This article appears in the June 2021 issue of Investment Executive. Subscribe to the print edition, read the digital edition or read the articles online.
Insurance-tracking shares are a powerful yet relatively unknown tax and estate planning tool for a business owner who is considering holding a whole life insurance policy in their corporation. These shares work in tandem with a life insurance policy to ensure a business is transferred to the next generation in a tax-efficient manner, to achieve estate equalization among heirs and to meet other estate planning goals.
When a business owner dies, if a tax-free rollover to a surviving spouse isn’t available, there is a deemed disposition of private corporation shares at fair market value (FMV), representing a potentially large tax liability to the estate. Business owners often acquire a life insurance policy for their corporation to cover this tax bill for their estate.
An insurance policy with a cash component, such as a whole life policy, may allow for tax-sheltered investment growth, which has become a bigger priority for business owners affected by tax changes in recent years, said Steve Meldrum, insurance specialist and founder of Swell Private Wealth in Medicine Hat, Alta.: “People are running out of ways to shelter their money [from taxes], so they’re putting [it] inside insurance policies.”
However, the cash value of a whole life policy is added to the FMV of private corporation shares, which increases the estate’s tax liability, a fact ”a lot of [financial] advisors are not really aware of,” Meldrum said.
To address this, the corporation may issue preferred shares that track the cash value of the insurance policy but don’t otherwise entitle the shareholder — typically, a child of the business owner — to dividends, proceeds on the sale of the business or voting rights. As the cash value of the policy increases, so does the value of the tracking shares. (Depending on the estate planning required, the shares could track both the cash value and death benefit of a policy, or even just the death benefit.)
“As the cash value [of an insurance policy] becomes greater, insurance-tracking shares become more useful,” said Jonah Mayles, partner, tax and estate planning, with Sterling Park Financial Group in Toronto.
If the tracking shares are issued before the policy is acquired, they can be given a nominal value of $1.
At the business owner’s death, the policy’s cash value is attributed to the insurance-tracking shares, not the business owner’s shares. “If you can split off [the cash value], there could be significant tax savings,” Meldrum said. The corporation redeems the insurance-tracking shares and the life policy proceeds flow from the corporation’s capital dividend account (CDA) to the shareholding child on a tax-free basis.
Insurance-tracking shares should be drafted carefully. A shareholder’s agreement can ensure that the strategy “actually gets enforced” and works as intended, Meldrum said.
While an insurance-tracking share strategy can be used when an estate freeze has already been implemented, the freeze may mitigate the need for such a strategy, “as the growth in the value of the business has already been deferred,” Mayles said.
One key pitfall of this strategy occurs when a child who has been issued tracking shares predeceases the business owner. In these cases, the FMV of the tracking shares will be added to the value of the deceased’s estate, triggering a taxable event without a corresponding distribution of assets to offset the tax liability.
One way to mitigate the risk arising from that kind of premature death is to create a family trust and issue the shares to the trust instead, said Jean Turcotte, director of the tax, insurance and wealth management group with Sun Life Financial Inc. in Montreal.
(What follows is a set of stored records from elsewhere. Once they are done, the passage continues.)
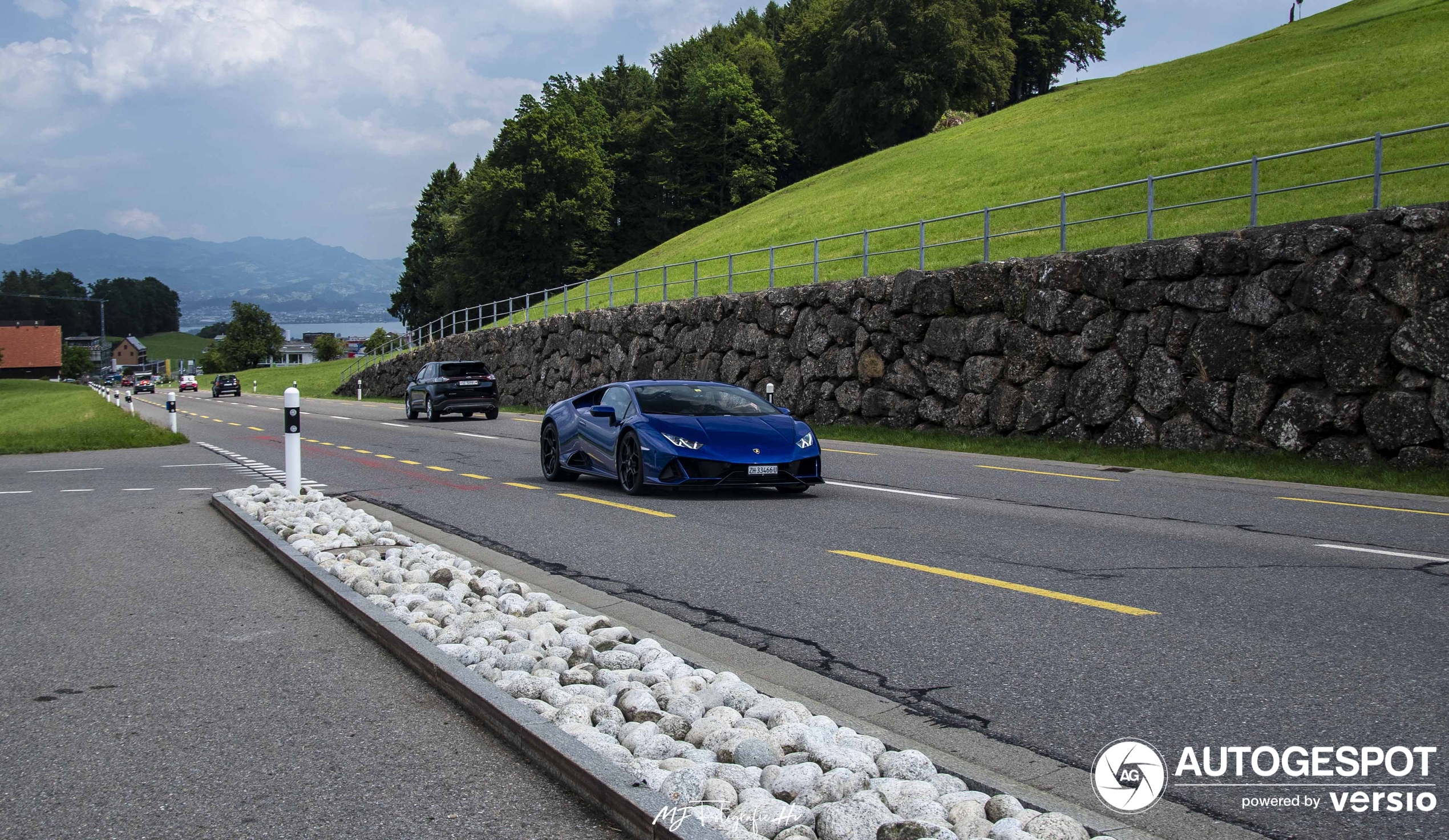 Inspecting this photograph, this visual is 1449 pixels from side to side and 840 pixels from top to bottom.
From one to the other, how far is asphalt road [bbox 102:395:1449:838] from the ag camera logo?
0.25ft

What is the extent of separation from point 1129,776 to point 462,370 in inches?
1228

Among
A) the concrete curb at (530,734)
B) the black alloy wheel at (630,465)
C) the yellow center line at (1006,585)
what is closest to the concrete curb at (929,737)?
the concrete curb at (530,734)

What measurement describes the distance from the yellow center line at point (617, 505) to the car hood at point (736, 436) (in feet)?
2.84

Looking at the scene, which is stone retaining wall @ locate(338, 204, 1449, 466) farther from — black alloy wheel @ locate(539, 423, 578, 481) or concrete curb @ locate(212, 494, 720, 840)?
concrete curb @ locate(212, 494, 720, 840)

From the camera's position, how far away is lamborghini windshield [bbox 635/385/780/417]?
43.2ft

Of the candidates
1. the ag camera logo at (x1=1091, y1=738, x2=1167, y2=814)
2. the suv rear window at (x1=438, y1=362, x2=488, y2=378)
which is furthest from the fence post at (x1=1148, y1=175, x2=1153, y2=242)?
the suv rear window at (x1=438, y1=362, x2=488, y2=378)

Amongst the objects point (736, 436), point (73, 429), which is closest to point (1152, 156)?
point (736, 436)

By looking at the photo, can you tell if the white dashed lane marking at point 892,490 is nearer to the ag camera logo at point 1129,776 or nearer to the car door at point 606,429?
the car door at point 606,429

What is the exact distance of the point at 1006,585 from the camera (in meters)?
7.27

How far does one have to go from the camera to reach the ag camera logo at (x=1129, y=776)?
372 centimetres

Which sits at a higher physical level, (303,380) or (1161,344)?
(1161,344)

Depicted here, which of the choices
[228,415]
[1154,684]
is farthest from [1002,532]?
[228,415]

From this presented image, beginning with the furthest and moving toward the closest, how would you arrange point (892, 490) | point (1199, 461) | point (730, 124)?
1. point (730, 124)
2. point (1199, 461)
3. point (892, 490)

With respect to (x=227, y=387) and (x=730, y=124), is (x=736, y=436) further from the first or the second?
(x=730, y=124) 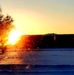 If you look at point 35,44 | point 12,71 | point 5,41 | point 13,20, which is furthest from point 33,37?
point 12,71

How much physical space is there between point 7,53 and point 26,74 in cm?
1003

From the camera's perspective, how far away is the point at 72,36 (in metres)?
28.2

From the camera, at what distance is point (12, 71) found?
518 inches

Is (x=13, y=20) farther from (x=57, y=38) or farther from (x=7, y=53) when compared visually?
(x=57, y=38)

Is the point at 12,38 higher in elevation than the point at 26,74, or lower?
higher

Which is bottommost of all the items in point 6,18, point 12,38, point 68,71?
point 68,71

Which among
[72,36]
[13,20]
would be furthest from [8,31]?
[72,36]

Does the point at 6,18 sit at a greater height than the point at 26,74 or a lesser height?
greater

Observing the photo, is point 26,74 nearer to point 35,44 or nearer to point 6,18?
point 6,18

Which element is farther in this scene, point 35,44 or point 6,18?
point 35,44

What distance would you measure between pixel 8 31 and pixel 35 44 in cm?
632

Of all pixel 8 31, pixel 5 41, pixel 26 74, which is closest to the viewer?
pixel 26 74

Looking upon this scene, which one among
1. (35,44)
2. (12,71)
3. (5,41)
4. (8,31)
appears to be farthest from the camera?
(35,44)

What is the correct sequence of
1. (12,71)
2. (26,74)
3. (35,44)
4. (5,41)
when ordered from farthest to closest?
1. (35,44)
2. (5,41)
3. (12,71)
4. (26,74) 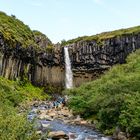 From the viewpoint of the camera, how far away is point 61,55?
9419 cm

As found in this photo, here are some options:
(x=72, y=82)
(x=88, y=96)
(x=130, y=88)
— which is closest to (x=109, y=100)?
(x=130, y=88)

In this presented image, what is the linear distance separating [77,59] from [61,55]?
423 cm

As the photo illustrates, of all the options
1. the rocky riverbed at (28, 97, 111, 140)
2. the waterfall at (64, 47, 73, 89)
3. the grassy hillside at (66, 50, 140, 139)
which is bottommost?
the rocky riverbed at (28, 97, 111, 140)

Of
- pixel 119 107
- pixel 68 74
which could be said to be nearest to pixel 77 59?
pixel 68 74

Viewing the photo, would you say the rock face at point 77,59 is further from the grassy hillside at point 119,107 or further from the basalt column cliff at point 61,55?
the grassy hillside at point 119,107

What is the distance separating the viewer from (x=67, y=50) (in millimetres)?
94500

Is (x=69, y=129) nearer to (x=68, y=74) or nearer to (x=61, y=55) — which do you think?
(x=68, y=74)

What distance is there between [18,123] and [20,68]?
70.3 metres

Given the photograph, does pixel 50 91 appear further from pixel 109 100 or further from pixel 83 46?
pixel 109 100

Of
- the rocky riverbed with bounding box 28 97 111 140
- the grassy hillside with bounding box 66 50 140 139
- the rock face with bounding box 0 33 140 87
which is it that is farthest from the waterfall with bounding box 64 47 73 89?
the grassy hillside with bounding box 66 50 140 139

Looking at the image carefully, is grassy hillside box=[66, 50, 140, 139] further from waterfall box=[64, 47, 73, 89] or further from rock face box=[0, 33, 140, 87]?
waterfall box=[64, 47, 73, 89]

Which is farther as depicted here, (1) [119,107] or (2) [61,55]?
(2) [61,55]

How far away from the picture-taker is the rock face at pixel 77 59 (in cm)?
8806

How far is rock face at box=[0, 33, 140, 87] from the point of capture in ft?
289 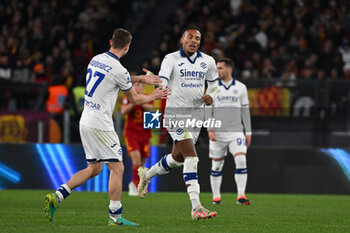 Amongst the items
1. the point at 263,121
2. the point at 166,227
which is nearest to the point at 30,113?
the point at 263,121

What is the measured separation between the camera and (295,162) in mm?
15625

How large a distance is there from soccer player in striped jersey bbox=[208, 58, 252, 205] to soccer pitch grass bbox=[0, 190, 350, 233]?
65cm

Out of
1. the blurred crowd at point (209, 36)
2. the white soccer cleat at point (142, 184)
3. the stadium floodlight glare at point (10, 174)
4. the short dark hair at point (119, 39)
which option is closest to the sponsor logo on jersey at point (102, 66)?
the short dark hair at point (119, 39)

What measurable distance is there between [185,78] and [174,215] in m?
1.81

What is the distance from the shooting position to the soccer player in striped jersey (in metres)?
12.8

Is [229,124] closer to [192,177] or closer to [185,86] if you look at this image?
[185,86]

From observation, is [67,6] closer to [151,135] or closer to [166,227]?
[151,135]

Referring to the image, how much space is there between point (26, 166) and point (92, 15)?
9.00 metres

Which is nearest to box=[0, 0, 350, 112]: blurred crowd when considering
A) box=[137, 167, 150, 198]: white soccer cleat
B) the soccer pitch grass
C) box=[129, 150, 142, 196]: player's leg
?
box=[129, 150, 142, 196]: player's leg

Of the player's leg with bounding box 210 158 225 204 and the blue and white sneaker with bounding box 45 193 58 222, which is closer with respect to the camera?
the blue and white sneaker with bounding box 45 193 58 222

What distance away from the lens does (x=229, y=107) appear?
12953 mm

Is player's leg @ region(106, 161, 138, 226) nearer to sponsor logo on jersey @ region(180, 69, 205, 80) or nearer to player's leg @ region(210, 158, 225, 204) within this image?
sponsor logo on jersey @ region(180, 69, 205, 80)

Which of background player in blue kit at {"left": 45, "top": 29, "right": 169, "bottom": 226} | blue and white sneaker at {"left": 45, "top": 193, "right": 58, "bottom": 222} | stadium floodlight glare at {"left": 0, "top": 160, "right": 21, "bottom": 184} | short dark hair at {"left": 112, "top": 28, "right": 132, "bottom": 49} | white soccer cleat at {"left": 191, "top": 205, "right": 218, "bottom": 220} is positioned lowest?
stadium floodlight glare at {"left": 0, "top": 160, "right": 21, "bottom": 184}

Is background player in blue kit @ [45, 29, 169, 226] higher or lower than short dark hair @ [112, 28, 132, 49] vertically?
lower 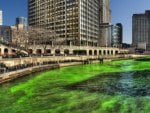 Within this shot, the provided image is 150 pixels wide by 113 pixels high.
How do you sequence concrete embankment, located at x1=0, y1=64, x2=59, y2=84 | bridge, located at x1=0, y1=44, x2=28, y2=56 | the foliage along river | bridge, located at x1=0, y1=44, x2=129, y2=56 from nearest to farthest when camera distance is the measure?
1. the foliage along river
2. concrete embankment, located at x1=0, y1=64, x2=59, y2=84
3. bridge, located at x1=0, y1=44, x2=28, y2=56
4. bridge, located at x1=0, y1=44, x2=129, y2=56

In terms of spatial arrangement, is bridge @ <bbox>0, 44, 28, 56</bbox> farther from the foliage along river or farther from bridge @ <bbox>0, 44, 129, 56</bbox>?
the foliage along river

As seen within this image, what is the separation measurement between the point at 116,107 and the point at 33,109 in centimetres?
945

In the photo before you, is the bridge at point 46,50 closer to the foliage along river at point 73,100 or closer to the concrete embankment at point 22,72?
the concrete embankment at point 22,72

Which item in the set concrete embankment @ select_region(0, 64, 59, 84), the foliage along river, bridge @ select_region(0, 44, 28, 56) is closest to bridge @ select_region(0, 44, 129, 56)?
bridge @ select_region(0, 44, 28, 56)

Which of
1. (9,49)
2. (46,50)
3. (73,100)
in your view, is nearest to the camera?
(73,100)

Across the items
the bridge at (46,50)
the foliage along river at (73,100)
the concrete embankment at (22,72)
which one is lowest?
the foliage along river at (73,100)

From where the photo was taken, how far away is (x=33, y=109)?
37.0m

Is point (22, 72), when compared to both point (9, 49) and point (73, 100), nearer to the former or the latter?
point (73, 100)

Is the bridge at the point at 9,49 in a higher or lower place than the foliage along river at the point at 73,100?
higher

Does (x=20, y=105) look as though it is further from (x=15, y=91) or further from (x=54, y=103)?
(x=15, y=91)

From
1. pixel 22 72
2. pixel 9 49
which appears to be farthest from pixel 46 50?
pixel 22 72

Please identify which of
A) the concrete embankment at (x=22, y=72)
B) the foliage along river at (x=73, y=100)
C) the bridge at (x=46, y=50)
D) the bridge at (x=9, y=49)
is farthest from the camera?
the bridge at (x=46, y=50)

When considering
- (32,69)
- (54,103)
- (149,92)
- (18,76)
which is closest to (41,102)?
(54,103)

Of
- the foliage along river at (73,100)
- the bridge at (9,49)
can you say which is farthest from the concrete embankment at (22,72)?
the bridge at (9,49) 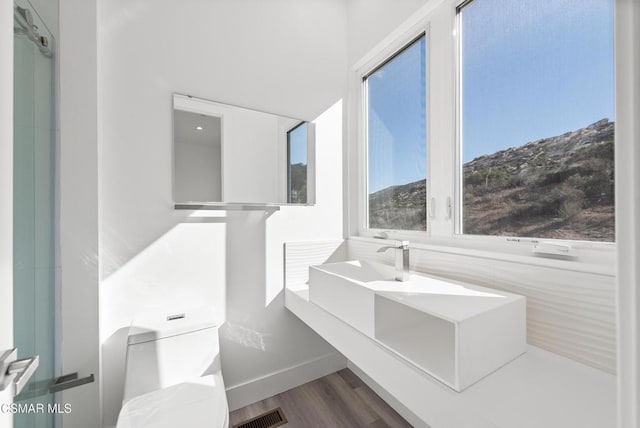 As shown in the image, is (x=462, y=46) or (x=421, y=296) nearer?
(x=421, y=296)

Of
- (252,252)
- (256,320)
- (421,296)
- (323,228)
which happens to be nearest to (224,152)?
(252,252)

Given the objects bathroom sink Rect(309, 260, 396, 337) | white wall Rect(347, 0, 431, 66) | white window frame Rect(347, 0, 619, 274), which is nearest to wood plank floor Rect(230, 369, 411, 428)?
bathroom sink Rect(309, 260, 396, 337)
The trust would then have a number of beneficiaries to whom the shares can be distributed.
Insurance-tracking shares also can be used to equalize an estate for heirs, particularly when some children are active in the business while others are not. The corporation could issue insurance-tracking shares to either the active or inactive children. In the former case, when the business owner dies, the active children use the share proceeds to buy the inactive siblings’ common shares. If the shares go to inactive children, those children would simply receive the proceeds when the business owner dies.
Finally, insurance-tracking shares can be used to distribute estate assets in a tax-efficient manner when a beneficiary isn’t a resident of Canada. Distributions from the CDA to a U.S. beneficiary, for example, would be subject both to Canadian withholding taxes and U.S. taxes, so “you may want to have the death benefit track to the Canadian-resident beneficiary and have the U.S. beneficiary receive other shares or assets from the estate,” Meldrum said.
Meldrum noted that insurance-tracking shares are not “baked into the tax act,” which he suggests is one of the reasons they may not be commonly used.
However, the Canada Revenue Agency (CRA) has given its blessing to insurance-tracking shares, most notably in a pair of 2005 technical interpretations. At a May 2021 Canadian Life and Health Insurance Association tax officers conference, CRA officials confirmed that the agency’s position hadn’t changed.